About this exercise
Please write out the entire listing below exactly, excluding its pictures.

Provided information
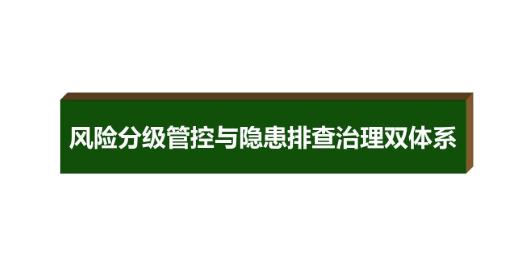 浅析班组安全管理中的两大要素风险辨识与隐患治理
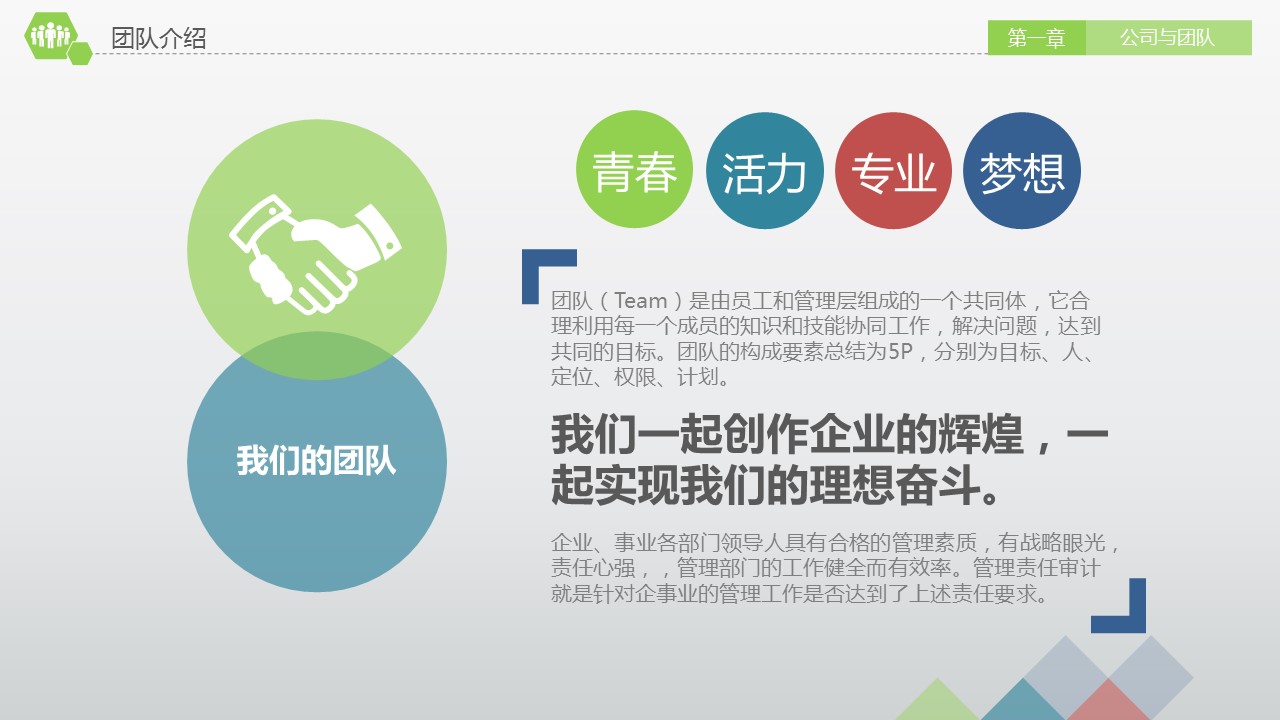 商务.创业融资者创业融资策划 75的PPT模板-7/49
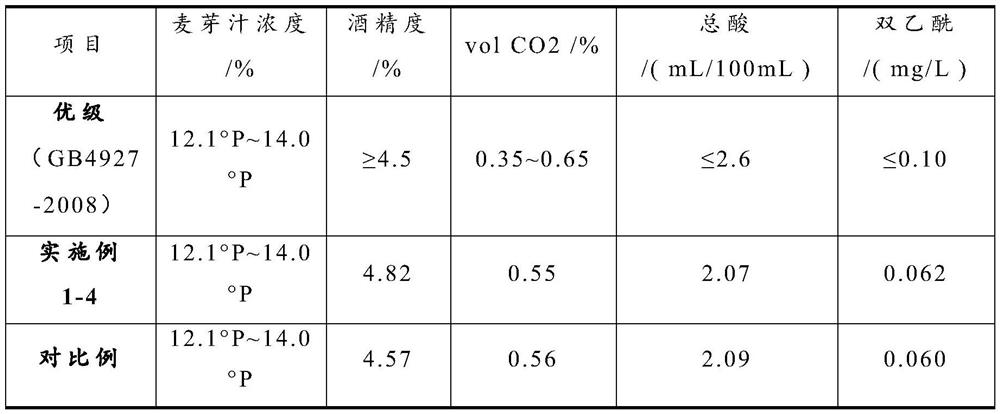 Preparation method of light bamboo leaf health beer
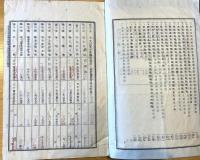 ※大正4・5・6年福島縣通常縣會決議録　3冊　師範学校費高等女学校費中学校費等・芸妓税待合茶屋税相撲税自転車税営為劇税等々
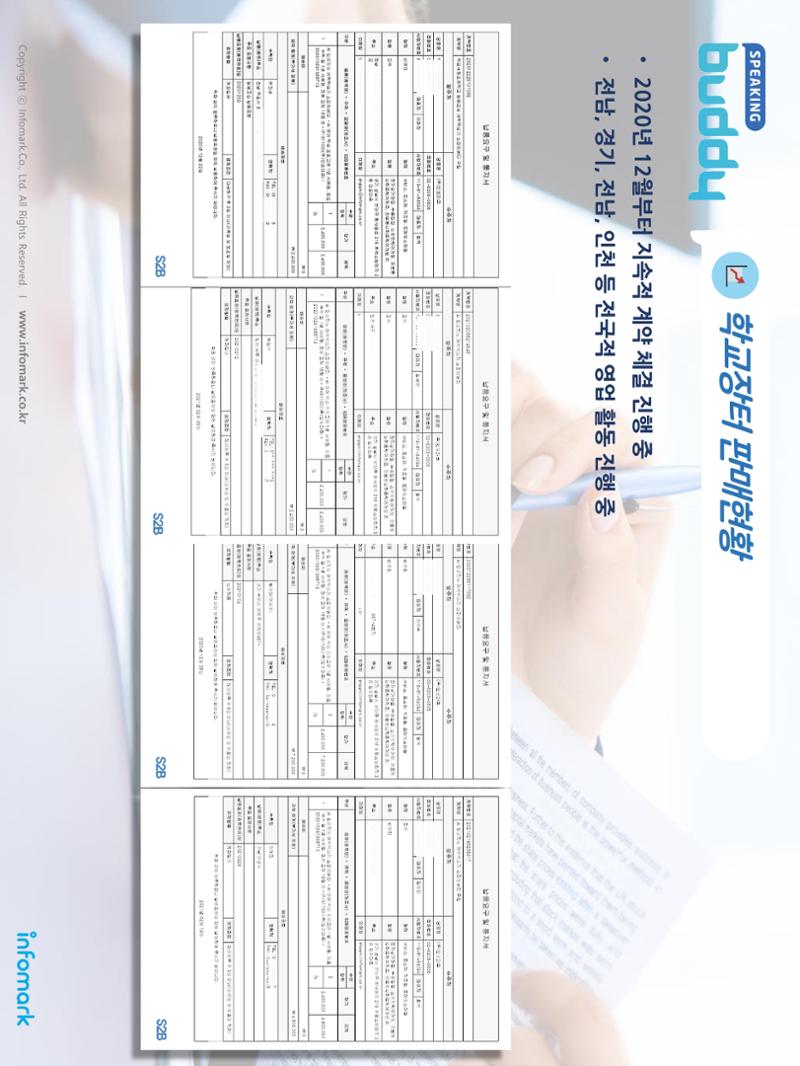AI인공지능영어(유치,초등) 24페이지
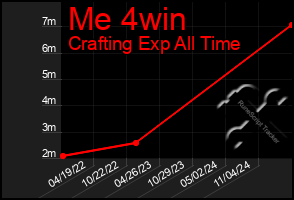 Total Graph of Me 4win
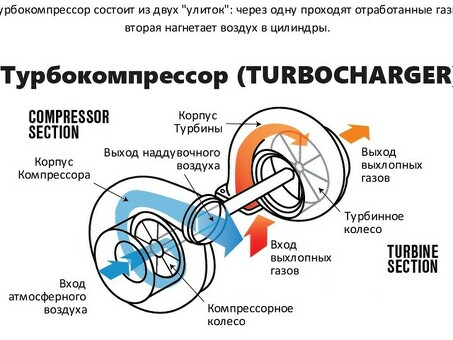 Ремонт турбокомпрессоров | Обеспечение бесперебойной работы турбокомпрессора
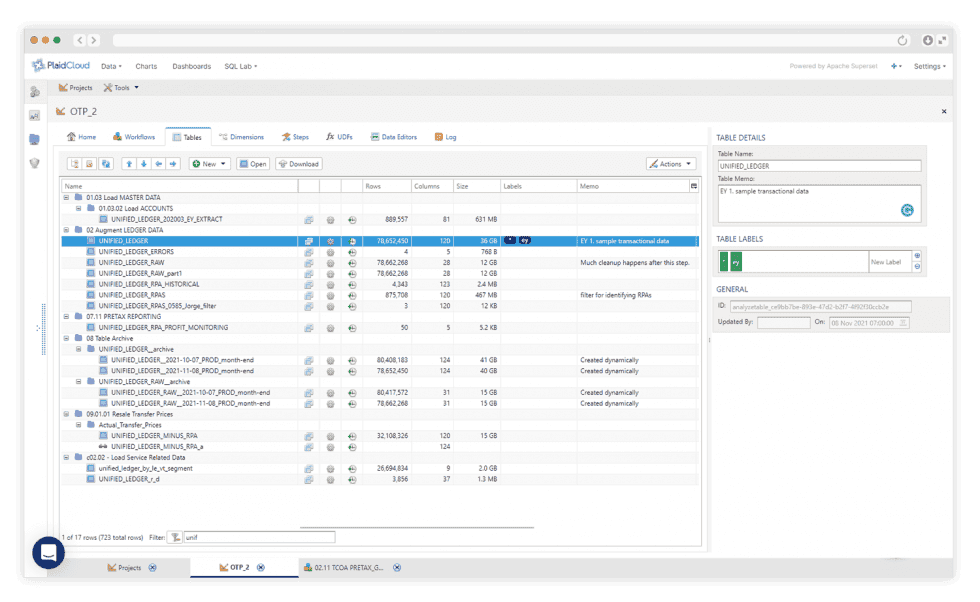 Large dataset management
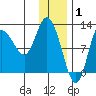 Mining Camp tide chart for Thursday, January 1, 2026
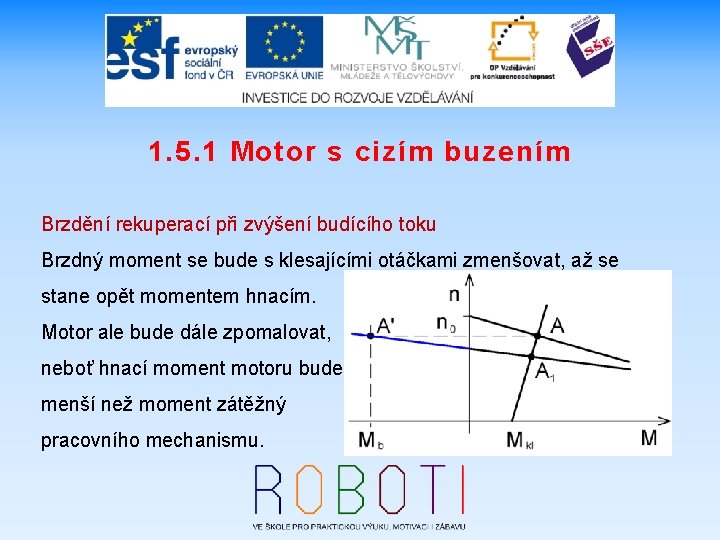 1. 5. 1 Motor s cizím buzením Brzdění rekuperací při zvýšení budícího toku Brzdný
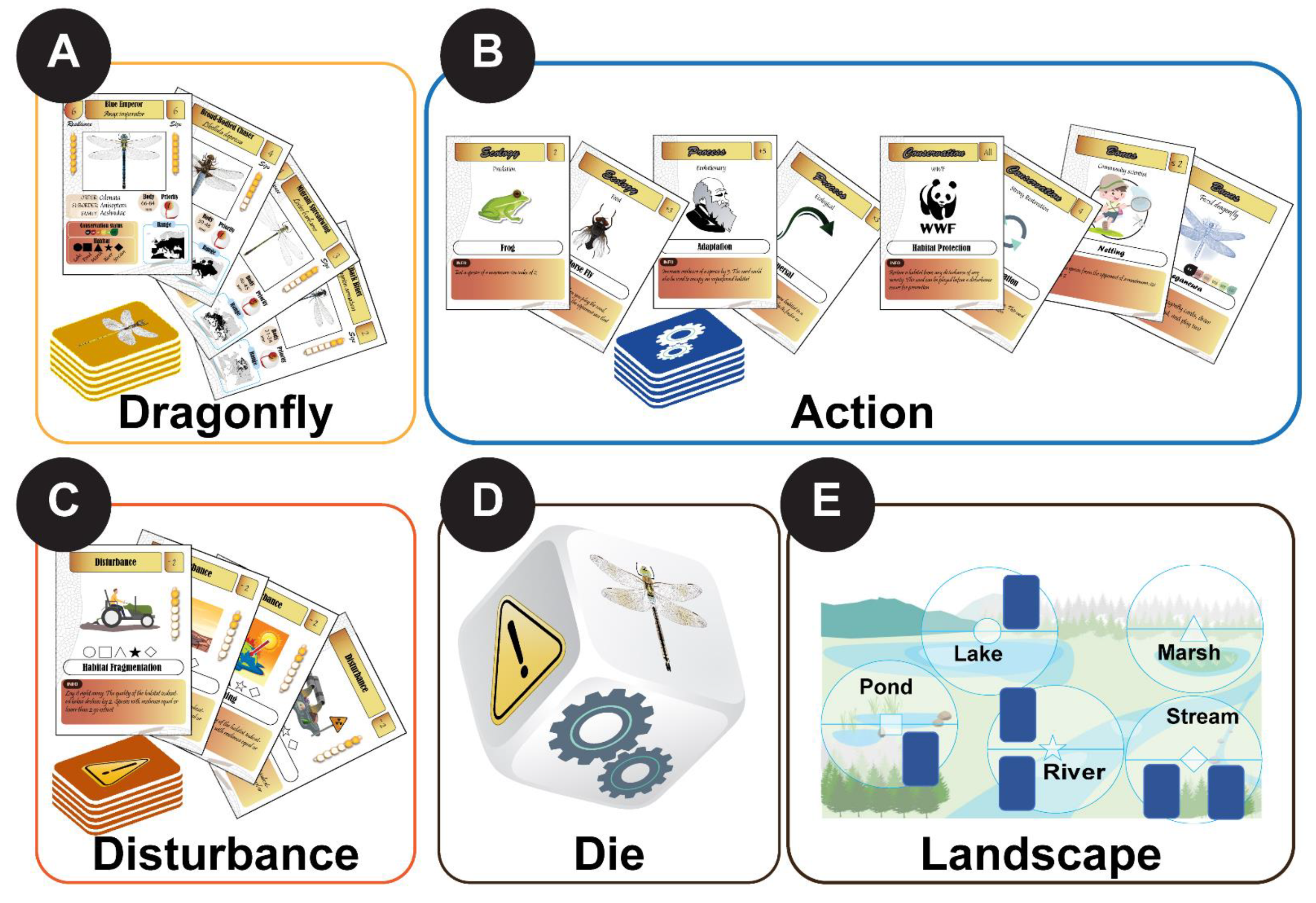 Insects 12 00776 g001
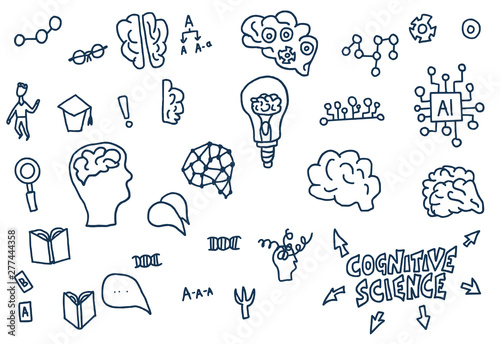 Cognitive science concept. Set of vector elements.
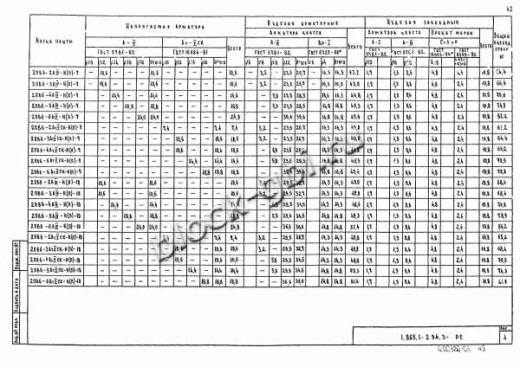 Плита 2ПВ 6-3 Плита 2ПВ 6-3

Response
 浅析班组安全管理中的两大要素风险辨识与隐患治理
 商务.创业融资者创业融资策划 75的PPT模板-7/49
 Preparation method of light bamboo leaf health beer
 ※大正4・5・6年福島縣通常縣會決議録　3冊　師範学校費高等女学校費中学校費等・芸妓税待合茶屋税相撲税自転車税営為劇税等々
AI인공지능영어(유치,초등) 24페이지
 Total Graph of Me 4win
 Ремонт турбокомпрессоров | Обеспечение бесперебойной работы турбокомпрессора
 Large dataset management
 Mining Camp tide chart for Thursday, January 1, 2026
 1. 5. 1 Motor s cizím buzením Brzdění rekuperací při zvýšení budícího toku Brzdný
 Insects 12 00776 g001
 Cognitive science concept. Set of vector elements.
 Плита 2ПВ 6-3 Плита 2ПВ 6-3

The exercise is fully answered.